Generate loadings of each factor

The matrix \mathbf{L} of loadings, size N \times K. It encapsulates the similarity and distinctness of the samples in the latent space. We design \mathbf{L} to contain the a covariance structure similar to the realistic data. The covariance of \mathbf{L} is shown in Figure 1

To-Do: Is there a way to enforce the columns of \mathbf{L} to be orthogonal? This can be both good and bad. Good, because many matrix factorization methods like PCA, etc assume that W is orthogonal. Bad, because real data may not be orthogonal.

Code
sample_dict = get_sample_indices(ntrait, ngwas, shuffle = False)
sample_indices = [x for k, x in sample_dict.items()]
rholist = [0.7 for x in sample_indices]
rholist = [0.9, 0.5, 0.6, 0.9]
Code
L_full = get_blockdiag_features(1000, ngwas, rholist, sample_indices, rho_bg = 0.0, seed = 2000).T
L = L_full[:, :nfctr]
Code
fig = plt.figure(figsize = (8, 8))
ax1 = fig.add_subplot(111)

plot_covariance_heatmap(ax1, L)

plt.tight_layout()
plt.show()
Figure 1: Covariance structure of the loadings

The covariance of \mathbf{Y}_{\mathrm{true}} = \mathbf{L}\mathbf{F}^{\intercal} is shown in Figure 2 (left panel). In the right panel, we show the covariance of \mathbf{Y}_{\mathrm{true}}\mathbf{F}.

Code
fig = plt.figure(figsize = (16, 8))
ax1 = fig.add_subplot(121)
ax2 = fig.add_subplot(122)

Y_true = L @ F.T
Y_true_proj = Y_true @ F

plot_covariance_heatmap(ax1, Y_true)
plot_covariance_heatmap(ax2, Y_true_proj)
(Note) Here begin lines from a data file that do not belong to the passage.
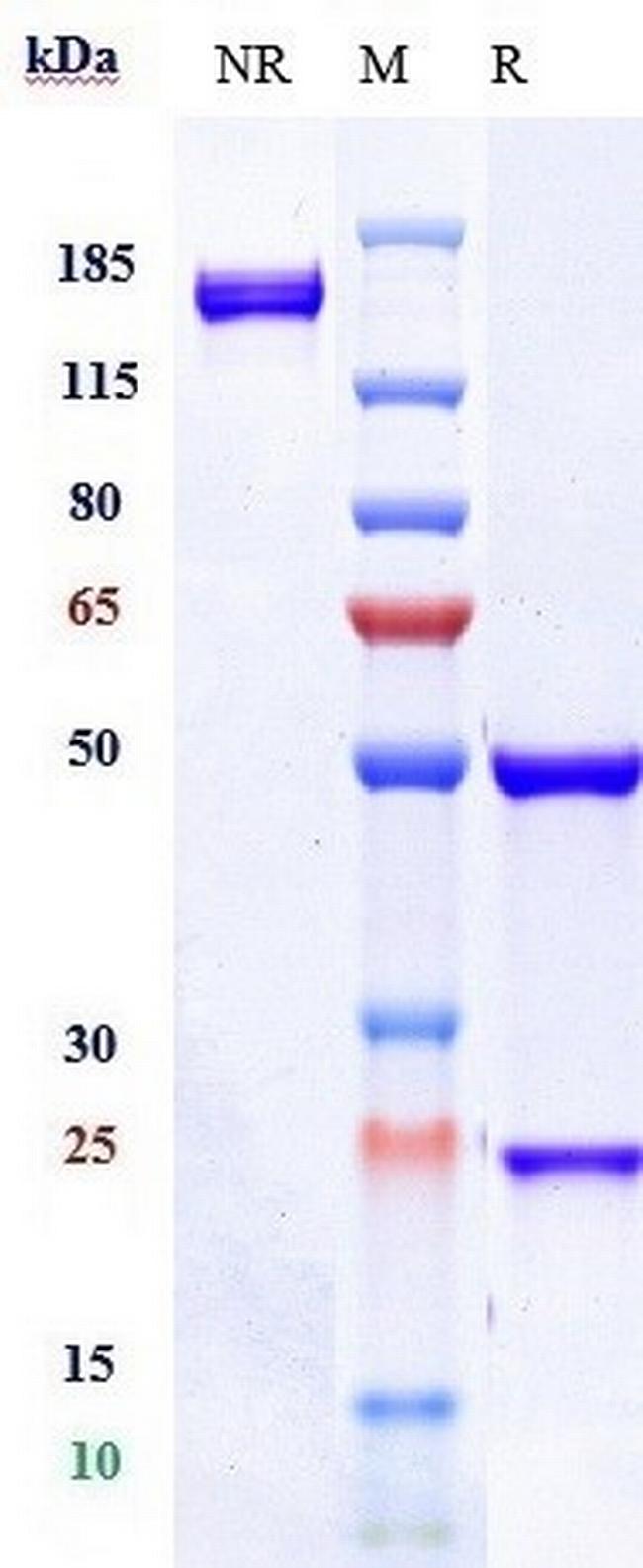 CD37 (Biosimilar) Antibody in SDS-PAGE (SDS-PAGE)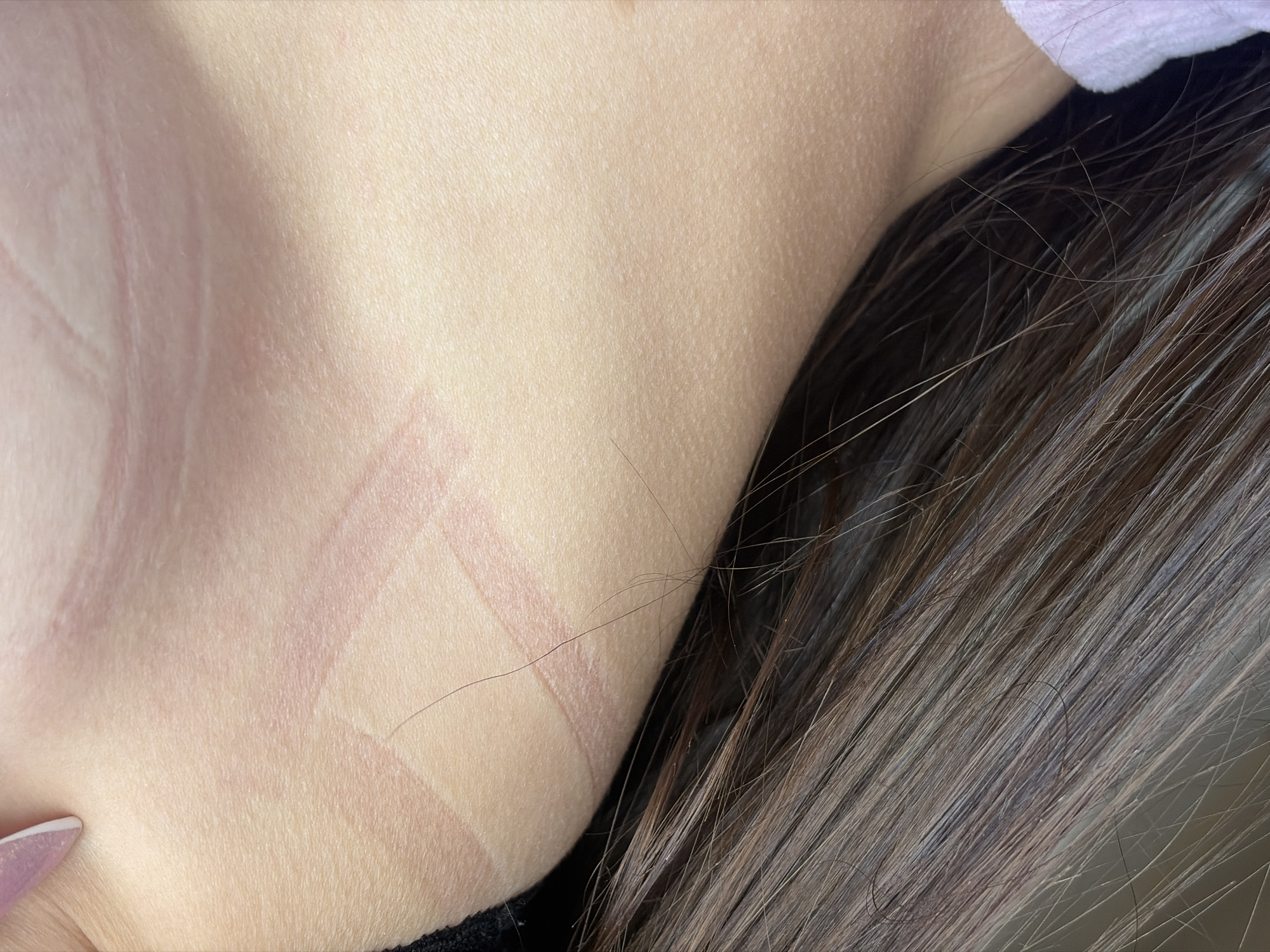 A close-up photograph depicts the skin of a person's neck and chest, marked with a pattern of reddish impressions resembling the imprint of a strap. The skin is fair, smooth, and shows natural variations in tone. The lines of the strap marks are distinct, suggesting recent pressure or contact. Adjacent to the skin, a portion of long, brown hair is visible, its strands catching the light. In the top right corner, a glimpse of lilac fabric is present. The overall scene is presented in sharp focus, emphasizing the texture of the skin and hair.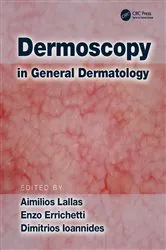 Book cover of Dermoscopy in General Dermatology by Aimilios Lallas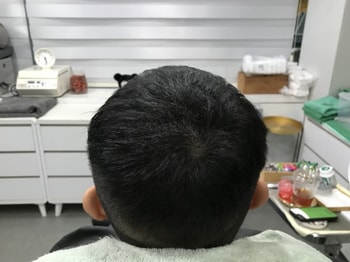 2차 리터치 시술 후
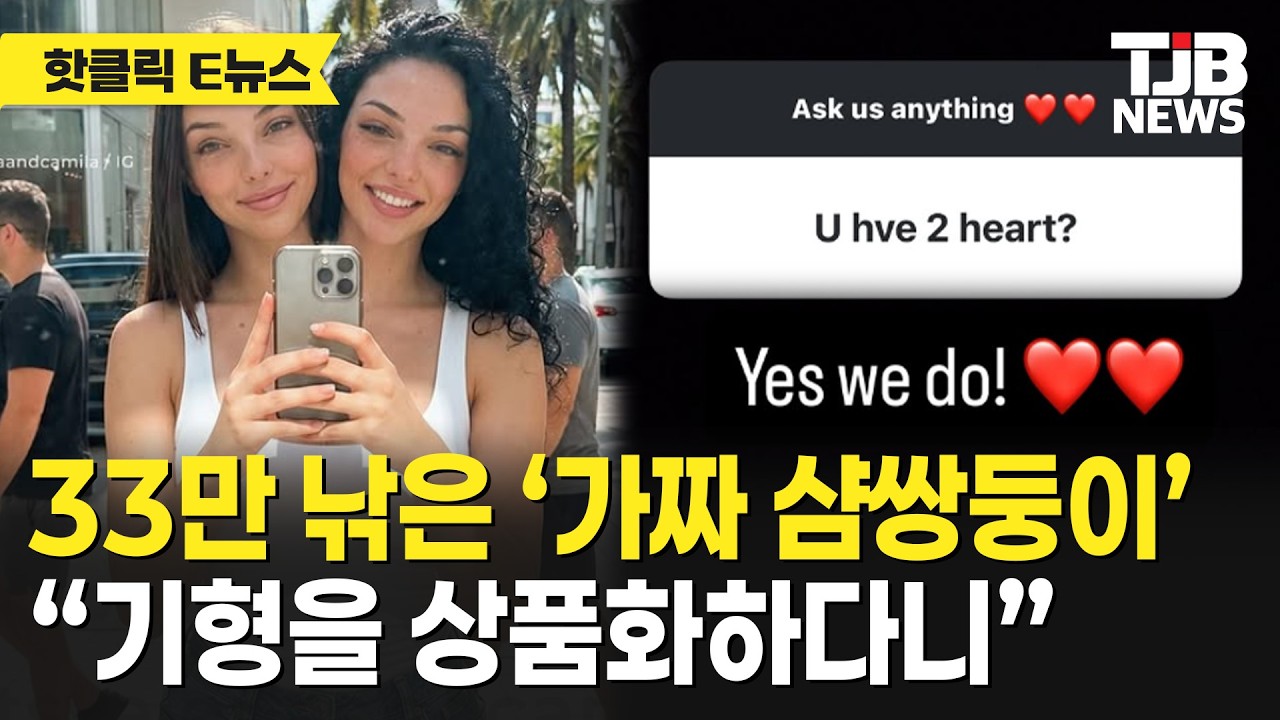 33만 낚은 &lsquo;가짜 샴쌍둥이&rsquo; &ldquo;기형을 상품화하다니&rdquo;｜ TJB 대전&middot;세종&middot;충남뉴스
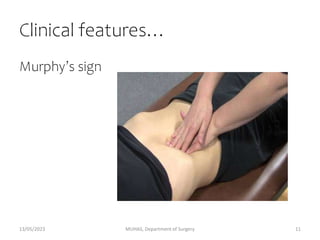 Clinical features…
Murphy’s sign
13/05/2023 MUHAS, Department of Surgery 11
 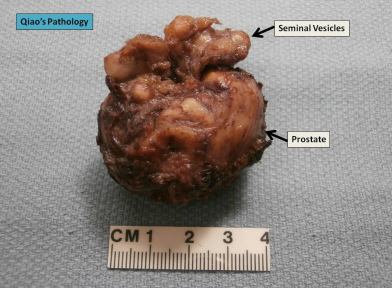 Prostata z pcherzykami nasiennymi; Jian-Hua Qiao; https://www.flickr.com/photos/jian-hua_qiao_md/8519225312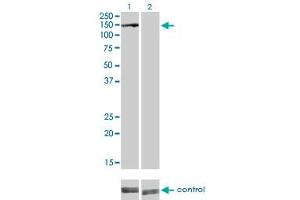 Western Blotting (WB) image for anti-Budding Uninhibited By Benzimidazoles 1 Homolog beta (Yeast) (BUB1B) (AA 1-130) antibody (ABIN560109)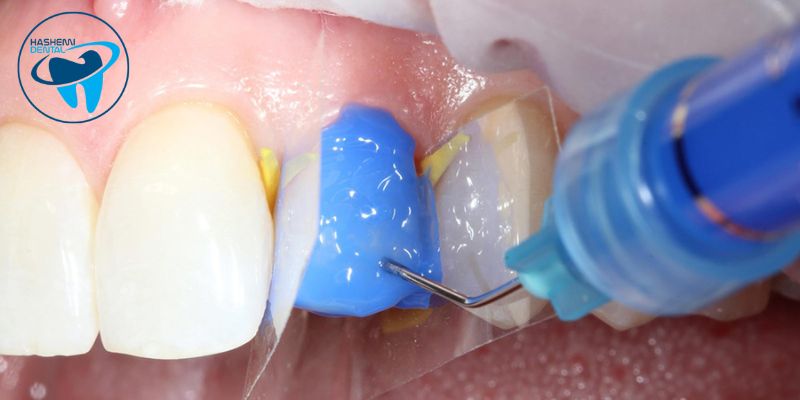 ویژگی اسید اچ دندانپزشکی
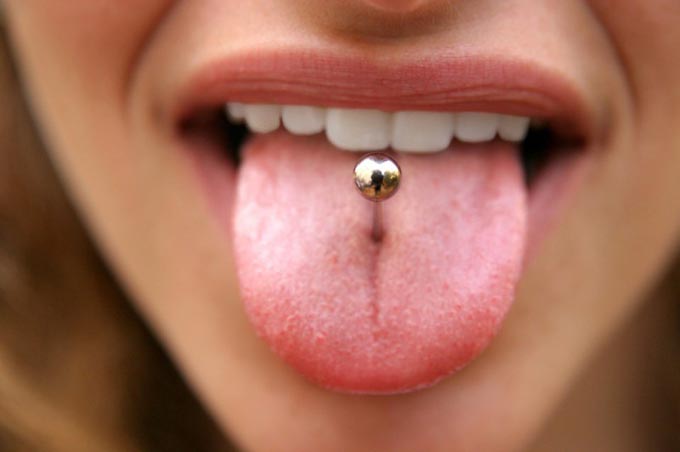 zarastený piercing jazyka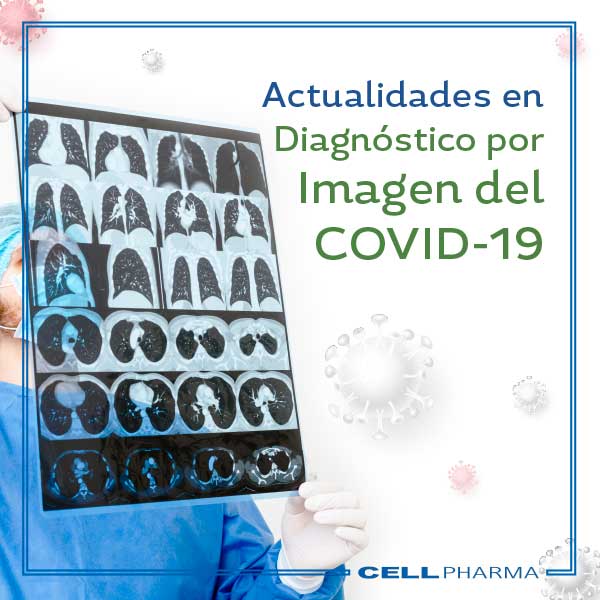 Actualidades en Diagnóstico por Imagen del COVID-19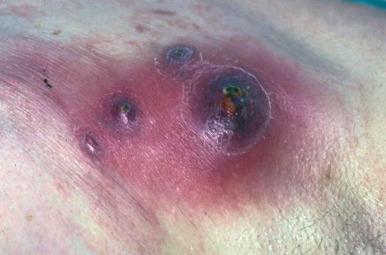 Fig. 22.2, Multiple furuncles coalescing to form a carbuncle.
ax1.set_title("Covariance of Y in feature space", pad = 50)
ax2.set_title("Covariance of Y after projection to latent space", pad = 50)

plt.tight_layout()
plt.show()
Figure 2: Visualization of the true input matrix

Approximate methods to obtain loadings decomposition

Enforcing orthogonality on the loading will naturally overshrink the similarity and enhance the distinctness. Still, we can reduce the dimension of L_full using truncated SVD and use the projection of L_full on the first K components of the right singular vector.

Another option is to use a QR decomposition to obtain orthogonal columns, scaled by some approximate eigenvalues: 1. Transpose L_full and use QR decomposition. 2. \mathbf{s}_{qr} \leftarrow eigenvalues (diagonal of \mathbf{R}). 3. Define \mathbf{s}' such that s'_i = 1 if s_{qr} > 0 and s'_i = -1 if s_{qr} < 0. 4. Choose K orthogonal vectors from \mathbf{Q} multiplied by \mathrm{diag}(\mathbf{s}'). This does not work numerically, as shown below in Figure 3

Code
def orthogonalize_qr(X):
    Q, R = np.linalg.qr(X)
    eigv = np.diag(R).copy()
    eigv[eigv > 0] = 1.
    eigv[eigv < 0] = -1.
    U = Q @ np.diag(eigv)
    #return U, np.diag(R)
    return Q, np.abs(np.diag(R))

def orthogonalize_svd(X, k = None):
    if k is None:  k = X.shape[1]
    U, S, Vt = np.linalg.svd(X)
    Uk = U[:, :k]
    Sk = S[:k]
    return Uk, Sk

L_qr_ortho, L_qr_eig = orthogonalize_qr(do_standardize(L_full))
#idsort = np.argsort(L_eig)[::-1]
#idselect = idsort[:nfctr]
idselect = np.arange(nfctr)
L_qr =  L_qr_ortho[:, idselect] @ np.diag(L_qr_eig[idselect])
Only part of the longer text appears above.